Optimistic concurrency control avoids locks by versioning rows (timestamps or counters) and detecting conflicts at UPDATE time. If the version has changed since READ, the UPDATE is rejected.
Implement an UPDATE with a WHERE clause checking the current version, simulating an application-level conflict detection.
Optimistic control assumes conflicts are rare and works well with low contention. Under high contention, rollbacks and retries degrade performance.
You know from studying the lost update problem that two transactions can silently overwrite each other's changes if nothing coordinates their access to the same row. The traditional solution is locking — grab a lock before reading, hold it until you commit, and block anyone else from touching the data. Optimistic concurrency control takes the opposite bet: instead of preventing conflicts upfront, it lets transactions proceed freely and checks for conflicts only at the moment of writing.
The mechanism relies on version numbers (or timestamps) attached to each row. When a transaction reads a row, it notes the current version — say, version 5. The transaction does its work locally without holding any locks. When it's ready to update, it issues something like `UPDATE accounts SET balance = 750, version = 6 WHERE id = 42 AND version = 5`. The `WHERE version = 5` clause is the critical check: if no other transaction has modified the row since our read, the version is still 5 and the update succeeds. If another transaction snuck in and changed the row (bumping it to version 6), our WHERE clause matches zero rows, and we know our read was stale. The application detects the zero-row update, discards its work, re-reads the current data, and retries.

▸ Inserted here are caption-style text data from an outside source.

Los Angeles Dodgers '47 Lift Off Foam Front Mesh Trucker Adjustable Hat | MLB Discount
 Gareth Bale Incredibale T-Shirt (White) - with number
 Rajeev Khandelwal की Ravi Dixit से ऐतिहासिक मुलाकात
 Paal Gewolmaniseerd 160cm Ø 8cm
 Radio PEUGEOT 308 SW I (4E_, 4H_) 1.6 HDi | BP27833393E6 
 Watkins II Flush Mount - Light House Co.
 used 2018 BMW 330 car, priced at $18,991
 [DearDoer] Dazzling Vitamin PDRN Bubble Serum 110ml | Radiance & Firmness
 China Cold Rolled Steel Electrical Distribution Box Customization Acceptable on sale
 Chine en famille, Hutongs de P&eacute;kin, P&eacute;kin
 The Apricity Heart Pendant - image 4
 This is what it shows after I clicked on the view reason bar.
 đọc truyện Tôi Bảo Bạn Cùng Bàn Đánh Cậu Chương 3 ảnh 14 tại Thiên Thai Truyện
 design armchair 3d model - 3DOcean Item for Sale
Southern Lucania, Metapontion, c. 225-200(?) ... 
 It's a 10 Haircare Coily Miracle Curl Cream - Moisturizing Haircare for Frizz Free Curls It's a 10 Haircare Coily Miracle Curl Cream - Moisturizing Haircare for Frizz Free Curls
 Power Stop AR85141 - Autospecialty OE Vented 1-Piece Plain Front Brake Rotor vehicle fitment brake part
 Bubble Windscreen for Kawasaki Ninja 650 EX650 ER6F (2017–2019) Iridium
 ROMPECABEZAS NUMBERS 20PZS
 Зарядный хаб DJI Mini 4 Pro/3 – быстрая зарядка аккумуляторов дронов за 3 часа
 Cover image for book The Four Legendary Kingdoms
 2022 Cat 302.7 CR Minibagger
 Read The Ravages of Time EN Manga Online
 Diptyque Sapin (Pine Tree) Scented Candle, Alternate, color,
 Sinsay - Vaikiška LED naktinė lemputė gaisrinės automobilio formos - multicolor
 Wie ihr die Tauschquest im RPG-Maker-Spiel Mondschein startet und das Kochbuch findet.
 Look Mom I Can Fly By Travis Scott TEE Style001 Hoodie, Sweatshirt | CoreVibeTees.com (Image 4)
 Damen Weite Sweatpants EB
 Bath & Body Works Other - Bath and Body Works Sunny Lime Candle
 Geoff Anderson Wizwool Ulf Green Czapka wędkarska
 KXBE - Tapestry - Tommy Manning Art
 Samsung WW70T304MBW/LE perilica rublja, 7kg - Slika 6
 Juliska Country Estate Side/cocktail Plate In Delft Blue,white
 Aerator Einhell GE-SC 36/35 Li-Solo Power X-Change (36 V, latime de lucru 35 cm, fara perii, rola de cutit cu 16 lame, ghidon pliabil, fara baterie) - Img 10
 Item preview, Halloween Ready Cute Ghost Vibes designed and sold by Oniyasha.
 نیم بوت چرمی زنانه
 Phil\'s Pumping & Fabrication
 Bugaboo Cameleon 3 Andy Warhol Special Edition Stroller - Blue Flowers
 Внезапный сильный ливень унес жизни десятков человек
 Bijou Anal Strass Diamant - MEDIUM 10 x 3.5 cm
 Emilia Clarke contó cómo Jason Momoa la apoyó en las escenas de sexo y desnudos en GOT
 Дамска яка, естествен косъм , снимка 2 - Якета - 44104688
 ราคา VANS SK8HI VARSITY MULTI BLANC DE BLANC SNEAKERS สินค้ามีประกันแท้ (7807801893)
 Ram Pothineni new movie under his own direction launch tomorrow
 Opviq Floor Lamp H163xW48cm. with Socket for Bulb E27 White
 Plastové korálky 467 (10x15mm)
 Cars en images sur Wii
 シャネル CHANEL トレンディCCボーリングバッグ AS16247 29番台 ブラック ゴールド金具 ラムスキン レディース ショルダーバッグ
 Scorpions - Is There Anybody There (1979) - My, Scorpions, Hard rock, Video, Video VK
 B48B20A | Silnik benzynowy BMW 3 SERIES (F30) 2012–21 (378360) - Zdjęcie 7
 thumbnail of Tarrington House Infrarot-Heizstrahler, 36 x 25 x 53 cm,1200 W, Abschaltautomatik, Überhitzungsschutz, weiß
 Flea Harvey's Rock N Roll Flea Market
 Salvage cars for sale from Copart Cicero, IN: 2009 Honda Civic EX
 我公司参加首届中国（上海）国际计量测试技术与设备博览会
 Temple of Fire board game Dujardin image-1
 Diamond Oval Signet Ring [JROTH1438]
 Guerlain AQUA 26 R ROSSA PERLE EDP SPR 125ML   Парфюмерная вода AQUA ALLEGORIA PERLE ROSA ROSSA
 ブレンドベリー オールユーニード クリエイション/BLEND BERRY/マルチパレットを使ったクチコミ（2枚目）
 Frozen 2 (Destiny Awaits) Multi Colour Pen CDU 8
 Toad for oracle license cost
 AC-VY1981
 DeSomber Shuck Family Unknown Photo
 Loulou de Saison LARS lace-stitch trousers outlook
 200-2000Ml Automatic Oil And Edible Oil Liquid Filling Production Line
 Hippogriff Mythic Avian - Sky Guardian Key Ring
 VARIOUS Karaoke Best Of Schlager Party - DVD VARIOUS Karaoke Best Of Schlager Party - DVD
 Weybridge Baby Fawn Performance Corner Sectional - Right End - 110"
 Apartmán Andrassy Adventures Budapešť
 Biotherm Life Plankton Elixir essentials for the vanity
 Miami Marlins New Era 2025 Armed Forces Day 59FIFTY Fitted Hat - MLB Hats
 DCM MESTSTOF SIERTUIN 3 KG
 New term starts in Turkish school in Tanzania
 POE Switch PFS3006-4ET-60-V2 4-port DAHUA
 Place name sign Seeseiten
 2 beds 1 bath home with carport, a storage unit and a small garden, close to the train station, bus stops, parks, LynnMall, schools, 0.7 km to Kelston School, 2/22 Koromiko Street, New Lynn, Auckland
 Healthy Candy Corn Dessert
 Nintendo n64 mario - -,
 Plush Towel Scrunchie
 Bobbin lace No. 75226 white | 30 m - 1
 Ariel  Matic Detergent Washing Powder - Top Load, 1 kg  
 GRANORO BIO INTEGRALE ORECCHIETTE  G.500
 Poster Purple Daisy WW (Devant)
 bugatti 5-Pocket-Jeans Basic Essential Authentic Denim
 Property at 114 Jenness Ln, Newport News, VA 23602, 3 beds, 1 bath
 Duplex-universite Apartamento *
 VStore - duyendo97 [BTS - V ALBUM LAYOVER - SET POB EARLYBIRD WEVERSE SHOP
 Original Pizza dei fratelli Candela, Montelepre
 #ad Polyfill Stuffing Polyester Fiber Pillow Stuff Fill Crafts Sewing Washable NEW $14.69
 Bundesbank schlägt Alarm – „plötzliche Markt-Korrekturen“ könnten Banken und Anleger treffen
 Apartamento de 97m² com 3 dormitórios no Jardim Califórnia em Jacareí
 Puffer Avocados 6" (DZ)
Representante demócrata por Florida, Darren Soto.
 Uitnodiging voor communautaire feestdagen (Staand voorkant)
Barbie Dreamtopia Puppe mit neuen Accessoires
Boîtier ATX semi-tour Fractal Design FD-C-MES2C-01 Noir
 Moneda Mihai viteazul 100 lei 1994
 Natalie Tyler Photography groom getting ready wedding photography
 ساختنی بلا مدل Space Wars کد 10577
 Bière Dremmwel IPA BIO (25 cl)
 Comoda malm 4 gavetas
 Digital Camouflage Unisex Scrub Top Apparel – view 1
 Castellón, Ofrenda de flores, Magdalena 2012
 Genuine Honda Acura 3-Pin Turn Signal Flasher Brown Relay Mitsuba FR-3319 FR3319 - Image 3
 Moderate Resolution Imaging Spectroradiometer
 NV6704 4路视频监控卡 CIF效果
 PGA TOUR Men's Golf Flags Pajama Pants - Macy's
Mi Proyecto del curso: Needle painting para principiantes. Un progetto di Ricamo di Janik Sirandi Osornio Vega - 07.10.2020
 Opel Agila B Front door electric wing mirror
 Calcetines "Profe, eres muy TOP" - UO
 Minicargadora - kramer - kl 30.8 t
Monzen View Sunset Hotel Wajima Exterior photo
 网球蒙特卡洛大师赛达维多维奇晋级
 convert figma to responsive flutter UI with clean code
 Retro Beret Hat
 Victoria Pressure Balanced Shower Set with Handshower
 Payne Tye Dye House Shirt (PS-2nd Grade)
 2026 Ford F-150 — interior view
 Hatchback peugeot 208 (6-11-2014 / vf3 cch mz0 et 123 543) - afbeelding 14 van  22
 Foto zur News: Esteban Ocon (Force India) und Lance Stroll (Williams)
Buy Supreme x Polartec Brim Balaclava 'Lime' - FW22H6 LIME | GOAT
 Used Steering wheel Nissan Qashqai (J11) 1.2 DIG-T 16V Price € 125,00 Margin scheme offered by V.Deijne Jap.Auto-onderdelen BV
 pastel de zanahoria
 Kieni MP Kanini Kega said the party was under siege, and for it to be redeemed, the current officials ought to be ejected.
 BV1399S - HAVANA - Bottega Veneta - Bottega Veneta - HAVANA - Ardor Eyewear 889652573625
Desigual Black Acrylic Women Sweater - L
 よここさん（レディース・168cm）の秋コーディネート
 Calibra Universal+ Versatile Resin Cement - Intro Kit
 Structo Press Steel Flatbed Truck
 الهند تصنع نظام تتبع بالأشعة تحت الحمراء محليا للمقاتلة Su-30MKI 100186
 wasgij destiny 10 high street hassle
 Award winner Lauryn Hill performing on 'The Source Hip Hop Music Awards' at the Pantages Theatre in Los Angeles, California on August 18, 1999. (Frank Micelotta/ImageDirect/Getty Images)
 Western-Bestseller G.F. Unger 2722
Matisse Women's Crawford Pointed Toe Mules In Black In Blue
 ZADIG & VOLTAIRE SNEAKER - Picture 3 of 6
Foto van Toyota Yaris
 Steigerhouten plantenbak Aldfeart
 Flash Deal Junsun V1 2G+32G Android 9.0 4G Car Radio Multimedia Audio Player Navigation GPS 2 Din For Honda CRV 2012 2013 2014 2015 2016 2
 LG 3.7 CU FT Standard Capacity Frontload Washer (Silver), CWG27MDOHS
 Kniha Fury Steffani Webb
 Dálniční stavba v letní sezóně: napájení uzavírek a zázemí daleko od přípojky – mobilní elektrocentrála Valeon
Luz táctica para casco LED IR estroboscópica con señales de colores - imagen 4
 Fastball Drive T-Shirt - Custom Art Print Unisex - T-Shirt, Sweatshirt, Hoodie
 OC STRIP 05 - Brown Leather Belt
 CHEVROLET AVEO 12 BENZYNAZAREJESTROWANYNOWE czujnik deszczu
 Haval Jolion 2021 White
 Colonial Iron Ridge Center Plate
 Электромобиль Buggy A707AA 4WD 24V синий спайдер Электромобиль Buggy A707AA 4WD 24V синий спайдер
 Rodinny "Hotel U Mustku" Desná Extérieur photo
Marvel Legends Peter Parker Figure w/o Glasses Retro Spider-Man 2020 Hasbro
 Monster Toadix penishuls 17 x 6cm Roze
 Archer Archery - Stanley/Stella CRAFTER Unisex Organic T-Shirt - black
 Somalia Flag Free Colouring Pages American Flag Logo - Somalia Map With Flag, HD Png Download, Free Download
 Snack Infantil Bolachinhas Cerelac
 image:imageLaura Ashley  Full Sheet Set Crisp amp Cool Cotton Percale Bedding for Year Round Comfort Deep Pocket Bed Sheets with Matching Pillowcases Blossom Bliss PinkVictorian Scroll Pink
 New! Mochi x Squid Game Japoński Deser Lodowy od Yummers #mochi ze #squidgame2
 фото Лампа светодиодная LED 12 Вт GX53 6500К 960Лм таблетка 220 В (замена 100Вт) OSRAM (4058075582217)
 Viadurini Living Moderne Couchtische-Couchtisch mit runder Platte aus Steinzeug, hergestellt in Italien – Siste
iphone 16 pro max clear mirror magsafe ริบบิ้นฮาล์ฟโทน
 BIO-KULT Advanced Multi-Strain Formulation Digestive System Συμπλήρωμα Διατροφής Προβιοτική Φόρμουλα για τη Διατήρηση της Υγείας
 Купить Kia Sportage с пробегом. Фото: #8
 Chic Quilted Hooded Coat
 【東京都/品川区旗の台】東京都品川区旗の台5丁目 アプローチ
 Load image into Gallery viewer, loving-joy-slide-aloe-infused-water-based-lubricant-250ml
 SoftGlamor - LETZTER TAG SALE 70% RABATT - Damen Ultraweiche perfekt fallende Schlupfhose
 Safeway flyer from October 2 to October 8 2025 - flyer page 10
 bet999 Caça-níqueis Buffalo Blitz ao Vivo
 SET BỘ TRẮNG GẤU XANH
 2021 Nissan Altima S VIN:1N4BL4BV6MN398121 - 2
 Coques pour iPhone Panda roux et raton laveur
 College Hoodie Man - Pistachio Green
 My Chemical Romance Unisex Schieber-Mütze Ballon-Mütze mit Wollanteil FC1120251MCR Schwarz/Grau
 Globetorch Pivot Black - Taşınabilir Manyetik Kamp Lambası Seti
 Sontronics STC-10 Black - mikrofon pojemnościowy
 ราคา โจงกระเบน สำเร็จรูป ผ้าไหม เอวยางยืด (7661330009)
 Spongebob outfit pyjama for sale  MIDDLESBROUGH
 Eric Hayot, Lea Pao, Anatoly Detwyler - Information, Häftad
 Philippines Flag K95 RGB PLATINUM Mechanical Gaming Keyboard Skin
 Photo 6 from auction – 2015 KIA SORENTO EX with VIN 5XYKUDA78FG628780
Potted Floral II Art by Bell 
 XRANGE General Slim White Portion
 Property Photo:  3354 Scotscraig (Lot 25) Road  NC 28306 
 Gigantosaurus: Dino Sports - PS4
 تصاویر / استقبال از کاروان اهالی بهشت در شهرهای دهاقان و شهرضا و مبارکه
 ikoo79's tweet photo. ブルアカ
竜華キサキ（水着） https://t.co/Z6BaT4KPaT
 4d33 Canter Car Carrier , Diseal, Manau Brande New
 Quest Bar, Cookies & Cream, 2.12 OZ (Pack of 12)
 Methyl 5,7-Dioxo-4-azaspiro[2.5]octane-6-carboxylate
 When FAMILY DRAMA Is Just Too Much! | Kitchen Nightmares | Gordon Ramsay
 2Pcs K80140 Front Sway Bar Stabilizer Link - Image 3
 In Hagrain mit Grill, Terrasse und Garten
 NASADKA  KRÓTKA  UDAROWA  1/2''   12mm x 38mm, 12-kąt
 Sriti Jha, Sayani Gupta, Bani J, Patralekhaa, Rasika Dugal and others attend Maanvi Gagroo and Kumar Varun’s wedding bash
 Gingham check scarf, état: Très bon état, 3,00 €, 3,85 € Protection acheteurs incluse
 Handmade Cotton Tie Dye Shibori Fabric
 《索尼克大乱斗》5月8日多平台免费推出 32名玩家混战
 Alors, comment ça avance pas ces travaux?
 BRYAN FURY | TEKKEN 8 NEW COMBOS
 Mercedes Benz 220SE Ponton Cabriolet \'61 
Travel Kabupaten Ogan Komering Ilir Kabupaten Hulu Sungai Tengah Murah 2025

The beauty of this approach is that the common case is fast. If conflicts are rare — which they are in most web applications where thousands of users rarely touch the same row at the same instant — transactions never block each other. There's no lock manager, no wait queues, and no deadlock risk. Readers never block writers, and writers never block readers. Compare this to pessimistic locking where every access acquires a lock, and transactions frequently wait in line even when no actual conflict would have occurred.
The tradeoff becomes painful under high contention. If many transactions compete for the same rows, optimistic control produces a storm of failed updates and retries. Each retry re-reads the data and attempts the update again, only to potentially fail again because yet another transaction beat it. Under extreme contention, the system can waste more work on retries than it saves by avoiding locks. This is why the choice between optimistic and pessimistic concurrency depends on your workload: optimistic for read-heavy, low-conflict scenarios (most web apps, content management systems); pessimistic for write-heavy, high-conflict scenarios (inventory systems during flash sales, financial trading platforms).